(Bloomberg) -- An initial review of items seized in an FBI raid on the president’s longtime lawyer Michael Cohen yielded only a few items that may not be reviewed by prosecutors.
A retired judge found 162 items of more than 292,000 that were reviewed should be held back because they’re privileged or personal. The material reviewed was found in eight boxes of documents and on two cell phones and an iPad. The former judge, Barbara Jones, was appointed special master to help determine which items taken from Cohen in the April 9 raid should be withheld from government investigators. She made the recommendations in a letter Monday to U.S. District Judge Kimba Wood.
Who should review the records -- and ultimately, what’s fair game for the government to see -- was the subject of intense jostling because it’s rare for federal agents to seize an attorney’s records, and unprecedented to take those of a president’s personal lawyer.
The recommendations cover the first set of materials reviewed by Jones and lawyers for Cohen. Cohen’s team is doing an initial review of more than 3.7 million items taken in the search of his home, hotel room and office. They designate material they believe is protected, in whole or part, by attorney-client privilege or constitute highly personal items, such as medical records. Jones then decides whether she agrees and reports her findings to Wood, who has the final say.
The number of protected items suggests the final total of privileged items will be far less than the “thousands, if not millions” of privileged documents Cohen’s lawyers initially estimated had been taken by the FBI. Federal prosecutors in Manhattan are investigating Cohen’s business and financial dealings.
Out of 639 hard-copy items taken from the eight boxes, totaling 12,543 pages, Jones said she agreed with Cohen’s team that just 14 are privileged.

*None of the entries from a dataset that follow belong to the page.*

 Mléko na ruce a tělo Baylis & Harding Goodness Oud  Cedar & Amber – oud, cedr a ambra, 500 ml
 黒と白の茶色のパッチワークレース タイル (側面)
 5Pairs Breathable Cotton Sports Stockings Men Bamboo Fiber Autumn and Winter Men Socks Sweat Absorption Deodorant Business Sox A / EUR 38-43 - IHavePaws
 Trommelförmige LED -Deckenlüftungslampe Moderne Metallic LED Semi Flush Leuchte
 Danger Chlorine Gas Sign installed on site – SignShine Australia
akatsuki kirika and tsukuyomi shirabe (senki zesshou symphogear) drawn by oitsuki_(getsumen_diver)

She disagreed with them on three others, finding they’re not privileged.
Of the 291,770 items on the phones and the iPad, she agreed with all of the Cohen team’s designations, finding that 148 are privileged and seven highly personal.
Judge Wood last week gave Cohen’s team until June 15 to review all of the materials, which include a computer; 19 hard drives, thumb drives and other computer storage devices; a third cell phone; two Blackberries; and the contents of a shredding machine.

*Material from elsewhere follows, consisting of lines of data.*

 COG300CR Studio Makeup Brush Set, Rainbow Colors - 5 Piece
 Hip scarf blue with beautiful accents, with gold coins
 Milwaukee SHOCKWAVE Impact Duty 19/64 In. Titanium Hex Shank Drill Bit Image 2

Todd Harrison, a lawyer for Cohen, told Judge Wood in a hearing last week that his team has 15 lawyers and two data specialists “working around the clock” to review the material. Wood said if they’re not finished by the 15th, she’ll give the rest of the seized items to a government “taint team” -- a group of lawyers separate from the prosecution team -- to complete the review.

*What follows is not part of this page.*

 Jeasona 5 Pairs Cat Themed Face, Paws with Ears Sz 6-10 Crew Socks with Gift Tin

Cohen sued April 13 to try to block prosecutors from looking at communications protected by attorney-client privilege. President Donald Trump and his company, the Trump Organization, quickly joined in the suit. Stormy Daniels, the adult film star who claims she had sex with Trump in 2006 and was then paid $130,000 to keep quiet about it, has also asked to join the case.
The case is In the Matter of Search Warrants Executed on April 9, 2018, 18-mj-3161, Southern District of New York (Manhattan).